━━━ Provided material ━━━

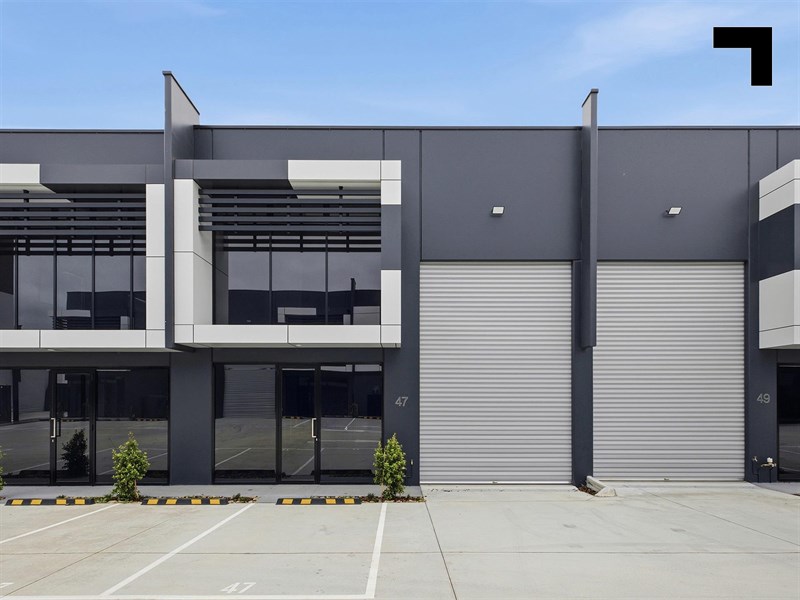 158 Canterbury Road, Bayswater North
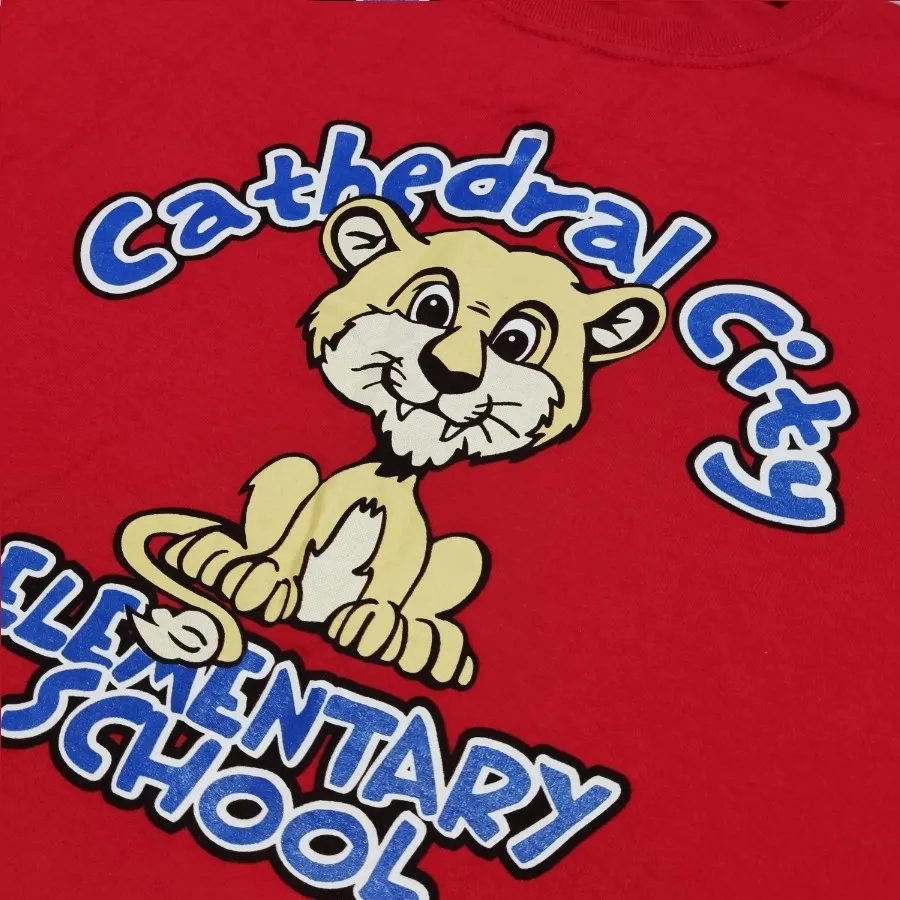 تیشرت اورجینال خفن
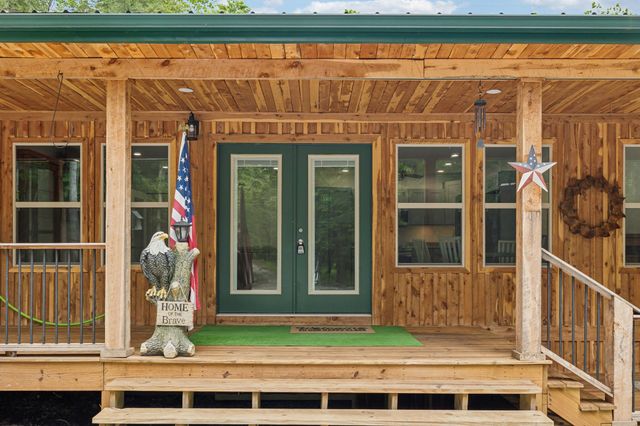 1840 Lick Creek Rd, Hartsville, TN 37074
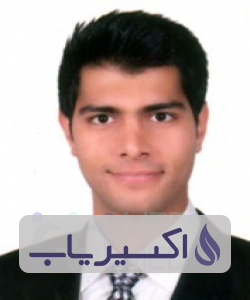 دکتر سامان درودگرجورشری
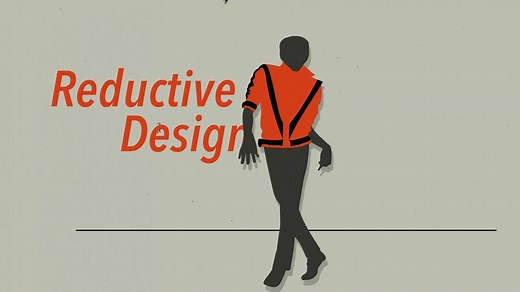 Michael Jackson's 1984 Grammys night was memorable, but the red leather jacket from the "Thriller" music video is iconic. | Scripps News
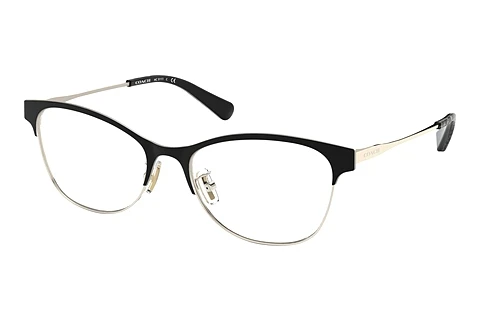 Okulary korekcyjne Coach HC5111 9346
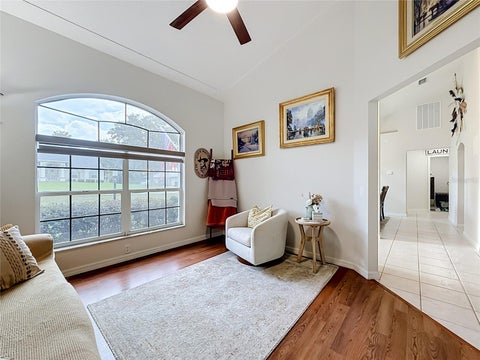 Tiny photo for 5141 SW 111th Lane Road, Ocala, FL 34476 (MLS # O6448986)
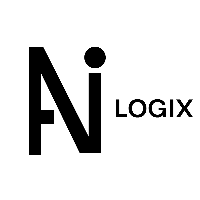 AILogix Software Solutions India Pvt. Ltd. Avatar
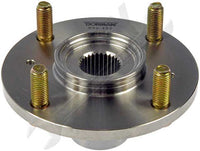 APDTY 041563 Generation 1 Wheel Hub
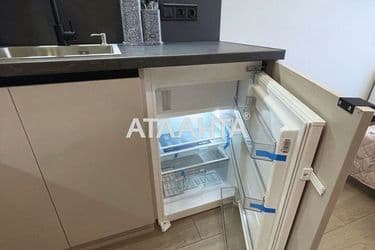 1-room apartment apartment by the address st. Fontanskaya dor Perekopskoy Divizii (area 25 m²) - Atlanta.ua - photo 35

━━━

* _Work request_
Skip every picture and return the lines above from the top through the one that contains "Michael Jackson's 1984".

* _Reply_
 158 Canterbury Road, Bayswater North
 تیشرت اورجینال خفن
 1840 Lick Creek Rd, Hartsville, TN 37074
 دکتر سامان درودگرجورشری
 Michael Jackson's 1984 Grammys night was memorable, but the red leather jacket from the "Thriller" music video is iconic. | Scripps News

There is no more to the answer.